So one is left to ponder whether a marriage based on living apart most of the time was, in fact, all that unloving after all. We assume readily that Shakespeare selfishly deserted his young family to further his fortune, but perhaps Ann also benefitted from their separate lives. Marriage would give her a status in society and, as her husband’s fame grew, a fortune and one of the best houses in Stratford. Poor Ann Donne probably had a worse time, though her situation was one that, theoretically, might be regarded as a romantic happy ending.
As for Donne, he went on to preach that it was better for a husband and wife to behave as a husband and wife, rather than a lover and his mistress. Two of his children were stillborn, the last killing his wife, and three others died in infancy.

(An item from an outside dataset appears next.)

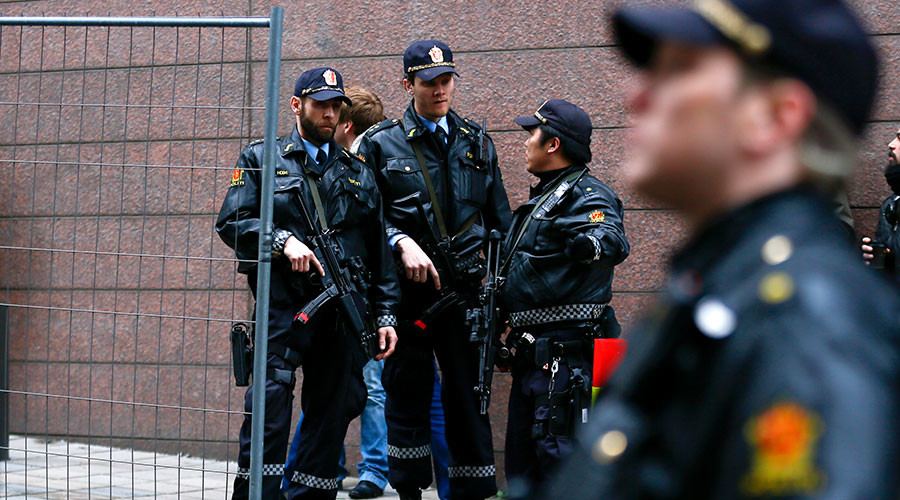 Norway shooting: 4 injured as gunman opens fire at Oslo nightclub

He seems to have lived to regret his romantic marriage. Yet it is his love poetry that is most frequently cited and remembered, not least by fans of DW who recognise “The Good Morrow” as a beautiful portrait of the kind of relationship they love to imagine the Doctor and Rose enjoying.
And now good-morrow to our waking souls,
Which watch not one another out of fear ;
For love all love of other sights controls,
And makes one little room an everywhere.
Let sea-discoverers to new worlds have gone ;
Let maps to other, worlds on worlds have shown ;
Let us possess one world ; each hath one, and is one.